Personal information
- Born: May 25, 1983 (age 43) Houston, Texas, U.S.
- Listed height: 6 ft 5 in (1.96 m)
- Listed weight: 310 lb (141 kg)

Career information
- College: Texas Tech
- NFL draft: 2007: undrafted

Career history
- 2007: Tampa Bay Buccaneers
- 2007: Toronto Argonauts
- 2008: Saskatchewan Roughriders
- 2009–2015: Winnipeg Blue Bombers

Awards and highlights
- 3× CFL East All-Star (2011, 2012, 2013);
- Stats at CFL.ca (archive)

= Glenn January =

American gridiron football player (born 1983)

Glenn Arwin January Jr. (born May 25, 1983) is a former professional Canadian football offensive tackle.

== Early life ==
He attended Second Baptist School and played high school football there.
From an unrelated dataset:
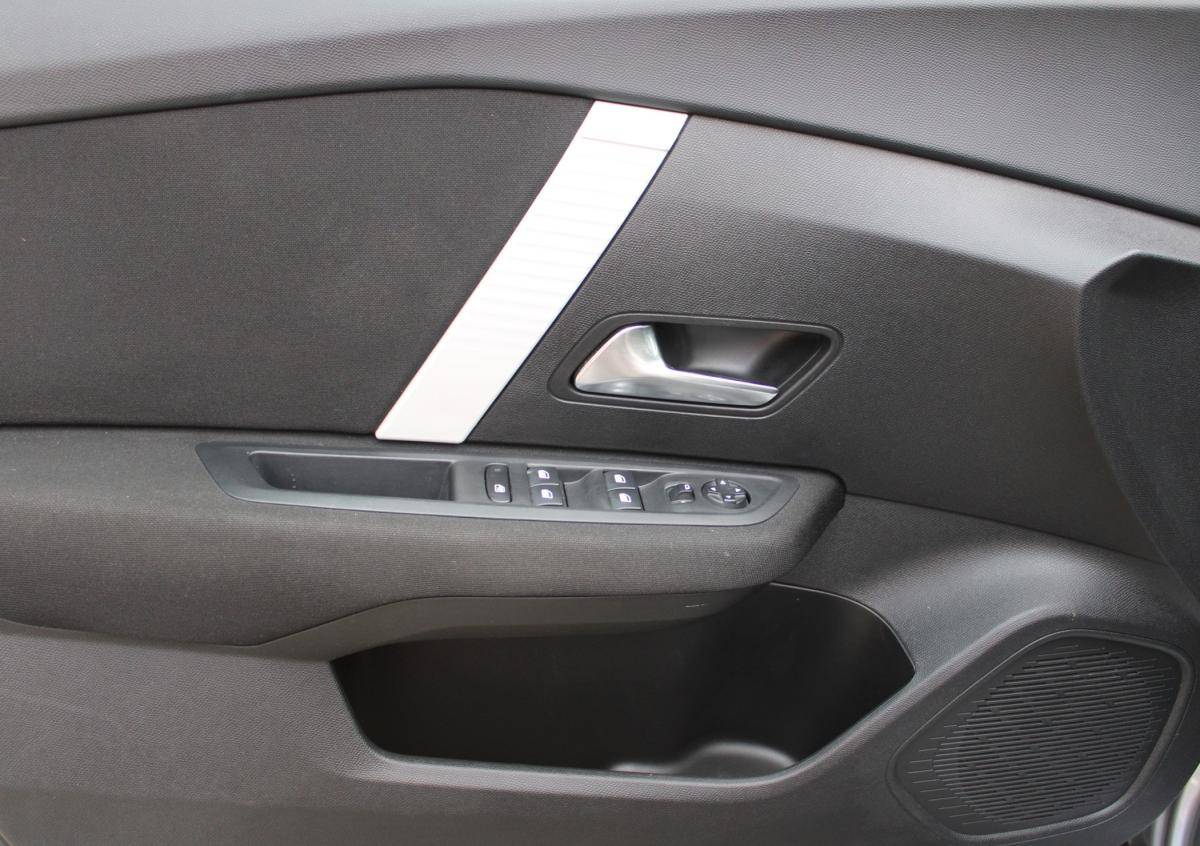 citroen-c4-2022-gasolina-1199cc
Additionally, he was in the choir his senior year, and part of a renowned dancing duet with his close pal Sam Whiteside. After having a small jazz band in Houston, TX with high school chaps with Jackson Osborne and Ronnie Bloomstrom, Glenn moved on to bigger and better things. Collegiately, January was an offensive lineman for the Texas Tech Red Raiders.

== Professional career ==
He remained undrafted in the 2007 NFL draft and signed as a free agent with the Buccaneers.

On May 30, 2007, January signed with the Toronto Argonauts of the Canadian Football League. On March 5, 2008, he was traded to the Saskatchewan Roughriders, along with Ronald Flemons, Toronto's first round selection in the 2008 CFL draft, and Toronto's second round selection in the 2010 CFL draft in exchange for Kerry Joseph and Saskatchewan's third round pick in the 2010 Canadian Draft. Both Toronto and Saskatchewan were unhappy with January's play, but he went on to a decent career with the Winnipeg Blue Bombers.

January became a free agent and signed the same day with the Winnipeg Blue Bombers on January 16, 2009. January won his first nod as a CFL East Division All-Star during the 2011 Winnipeg Blue Bombers season.